Curtis does my favorite thing a name-dropper can do, which is call someone by their nickname. It’s such a flex, underscoring the intimacy of their relationship while putting the viewer at a distance. I don’t know who Bobby Carradine is. I know Robert Carradine, after a Google, but Bobby is an entirely new creature. My favorite is when people say “Marty Scorsese.” Such an undignified nickname, Marty. This auteur of violence and misery has the same name as a time-traveling goober that almost accidentally fucked his own mom, and Bobby De Niro won’t let you forget it. On Watch What Happens Live this week, Jane Curtin brilliantly deployed the celeb nickname-drop when talking about her Saturday Night Live days.

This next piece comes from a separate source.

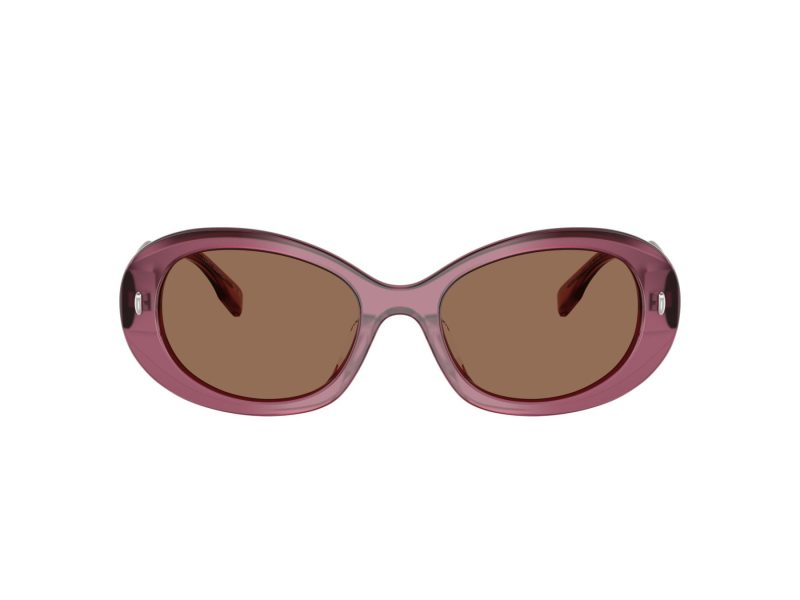 Tory Burch Naočare za sunce TY 7214U 317973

Bill Murray is “Billy,” whereas Lorne Michaels is “Lauren.” She mispronounces or over-pronounces Lorne’s name to emphasize the chilliness of that relationship. And take note of how Harvey Fierstein peppers his non-campaigning for the role of Ursula with the names of all the people with whom he’s recently dined who are in some way connected to The Little Mermaid. (Incidentally, is there a way to make a live-action Little Mermaid that is all Ursula all the time? Every person who’s expressed interest in the role: Fierstein, Lizzo, Gaga, Tituss Burgess. I want them all to do a heist or something.)
There is such a thing as going too far with name-dropping. On Talk Show the Game Show, it’s judge Casey Schreiner’s job to yellow card guests that are spackling famous names over an otherwise shaky performance. Schreiner is notably, woefully absent from The Alec Baldwin Show. Nobody is there to stop him. In this inexplicably animated clip, Baldwin tells Bobby De Niro a story about Danny Aiello and his ex-wife Kim Basinger.

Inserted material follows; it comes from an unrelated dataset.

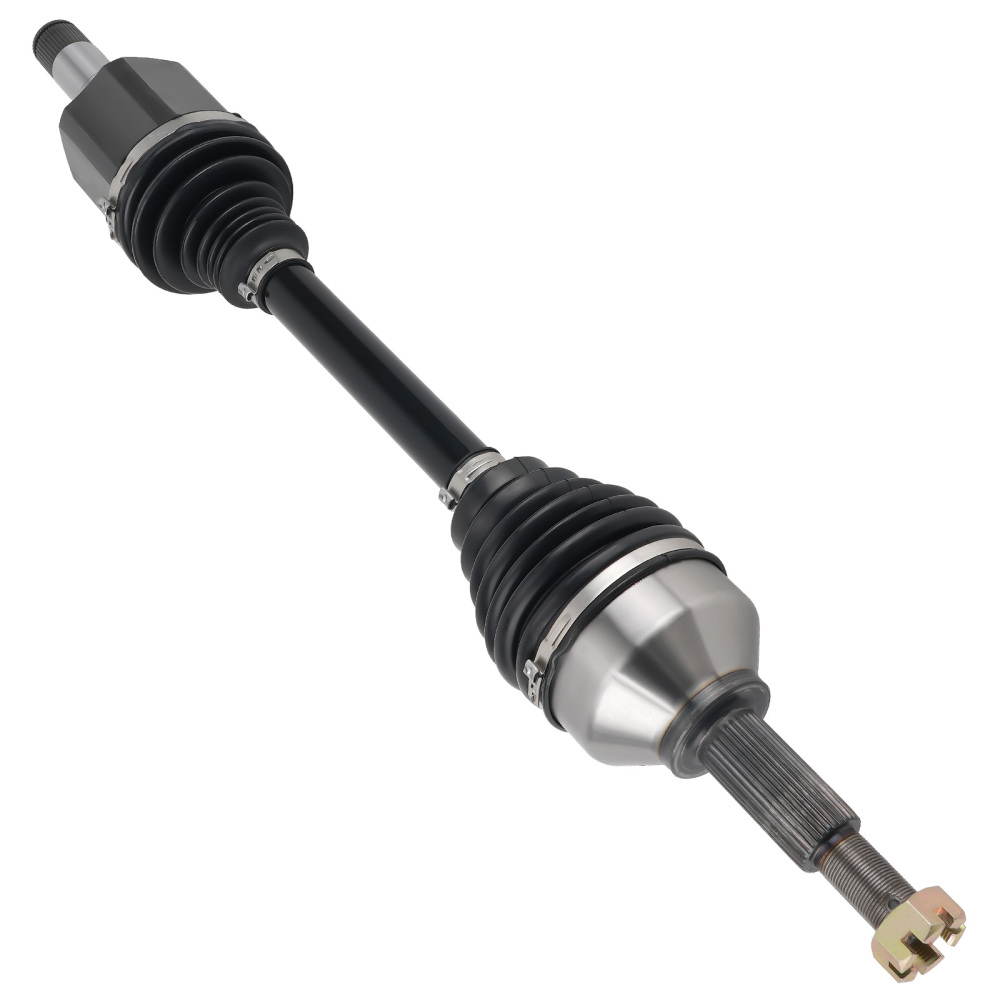 Front Drive Axle Left compatibile per Ford Transit V363 Platform 2.0 EcoBlue 2016-2022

I’ve watched this clip seven times and still do not understand the purpose of the story. “This is my favorite story,” Baldwin says at the top. But is it even a story? Stories have beginnings, middles, and ends. This is mostly just the weirdest Kim Basinger impression I’ve ever heard and maybe a critique of Italian-Americans. The name-dropping is next-level. We start the story with Betty Bacall; Lauren Bacall’s real name being Betty Joan Perske. But then we get the prop guy, a restaurant name-check, someone named Jimmy, someone named Frank. Who is Frank? WHO IS FRANK? The only person not name-checked is Alec’s ex-wife, which is a different kind of flex. Alec Baldwin wants to project intimacy with Betty Bacall, but keep the woman he shares a child with at a distance.

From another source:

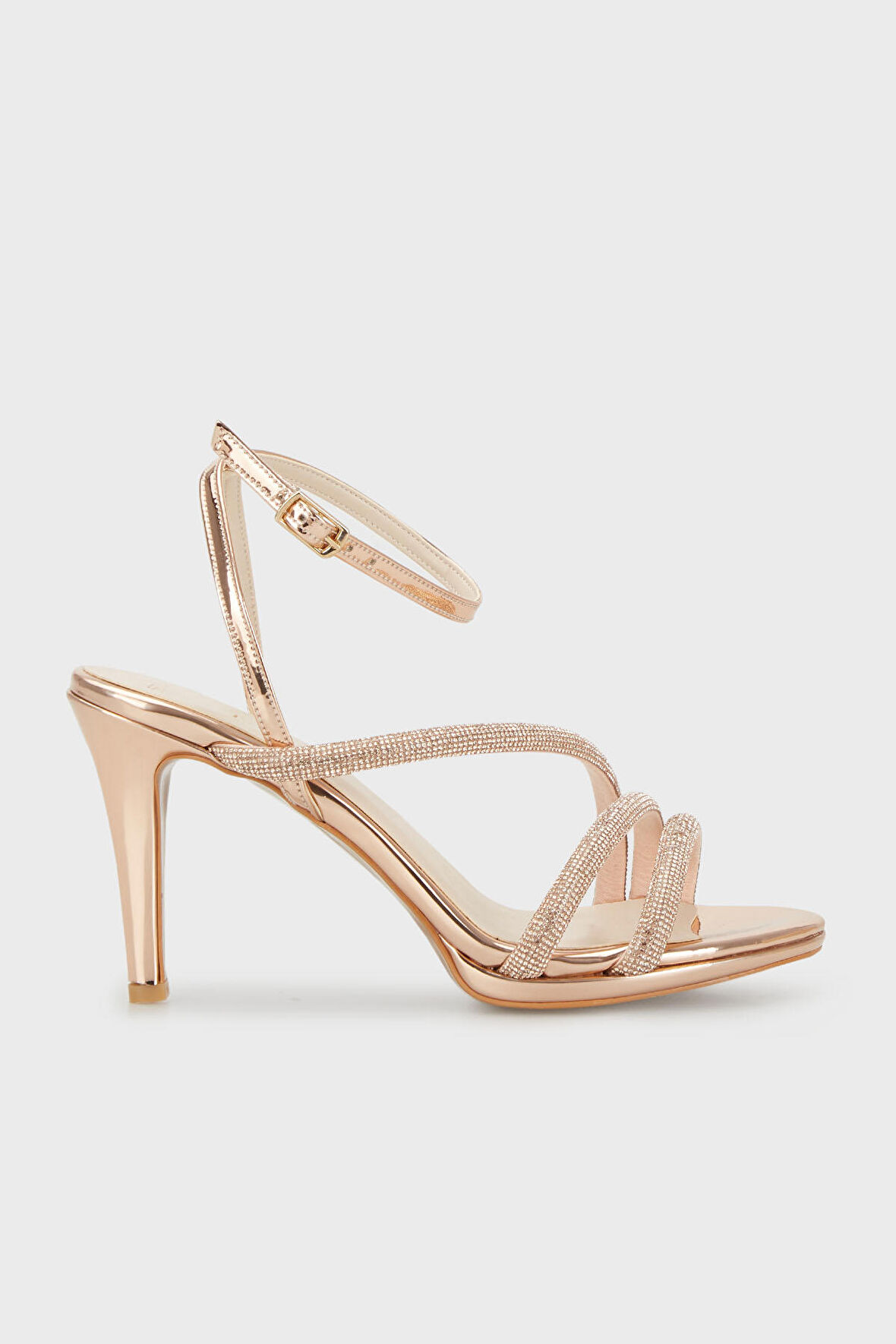 Lela Kadın Ayakkabı 3475871733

The best name-dropping of the week has to go to Busy Philipps. And for once, it’s not Michelle Williams. On The Late Show, Phillips name-checks Tina Fey, her jewelry designer friend Irene Neuwirth, Nate Berkus, and even Stephen Colbert’s wife. But what makes this god-tier name-dropping is that she coaxes an Oprah-drop out of Colbert himself. I now know that Oprah once flew Colbert a basket of avocados, and it makes the world a little brighter.